La vérité n’est pas toujours agréable à dire – et à entendre ! Lorsque que quelqu’un donne son opinion, il ne révèle pas toute la vérité, c’est vrai, mais il donne comme un éclat de vérité qui nous aide à réajuster notre compréhension de la situation. Dans ce genre de situation, on est facilement tenté de refuser la remise en question – en fuyant, en contre-attaquant, en se justifiant… mais Moïse écoute, pèse ce qui est pertinent dans la remarque de son beau-père, et le fait.
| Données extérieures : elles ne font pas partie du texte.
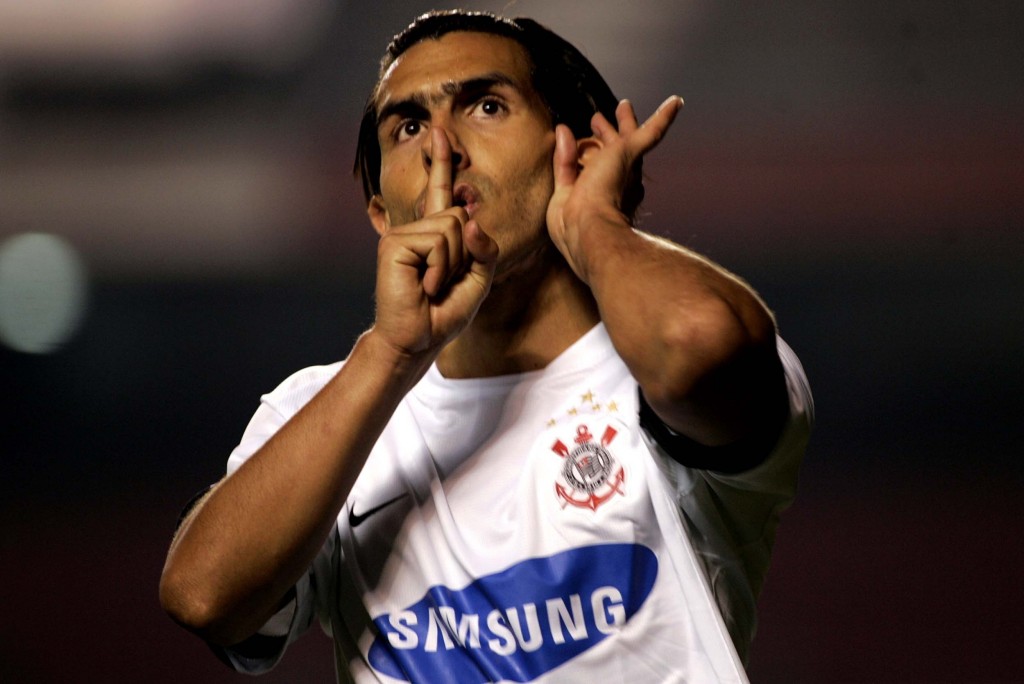 CAMPEONATO BRASILEIRO 2006 - SÉRIE A - FUTEBOL - ESPORTES - CORINTHIANS X FORTALEZA - O jogador Tevez comemora seu gol durante a partida. - Estádio Cicero Pompeu de Toledo (Morumbi) - São Paulo - SP - Brasil - 22/07/2006 - Foto: Fernando Pilatos/Gazeta Press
Il ne discute, ne se défend pas, n’invoque aucun statut, aucune excuse… Cette humilité est vraiment la marque d’un grand homme !

Lorsqu’on se vexe et qu’on refuse de se remettre en question, c’est souvent parce qu’on le prend personnellement, comme si tout notre être, toute notre valeur, était en jeu dans le problème relevé. La Bible répond à cette peur, à la honte que nous ressentons au premier abord : Dieu nous aime, Dieu nous sauve, en Jésus-Christ, il nous donne une nouvelle identité – nous sommes ses enfants pour l’éternité. S’enraciner dans l’amour de Dieu, qui lui nous connaît parfaitement dans toutes nos limites et nos médiocrités, se savoir aimé du Créateur, plein de valeur et précieux à ses yeux : voilà qui relativise la critique ponctuelle, difficile à entendre certes, mais qui ne menace pas notre identité en Christ.

En plus, le chemin que Dieu nous invite à emprunter avec lui est un chemin de croissance, d’amélioration, de progrès, en vue d’une plus grande justice, d’une plus grande sainteté, d’un plus grand amour. Si nous voulons progresser, nous devons nous remettre en question – c’est un des rôles de la Bible, Parole de Dieu qui dévoile la vérité de notre cœur pour nous montrer comment avancer ; c’est aussi l’un des buts de la vie communautaire : bénéficier du point de vue des autres pour progresser.

3)   Comme les nouveaux responsables : se disposer au service

Du coup, Moïse entreprend de choisir et former des responsables pour déléguer son activité. Qui sont-ils ? Des hommes valables, croyants, justes, droits. Ces hommes, même s’ils n’avaient jusque là aucune responsabilité particulière, sont prêts – pas en terme de compétences (ce qui s’apprend : la preuve, Moïse va les former) mais en terme de maturité (diapo). Le critère sur lequel Moïse les choisit, c’est leur maturité spirituelle et morale.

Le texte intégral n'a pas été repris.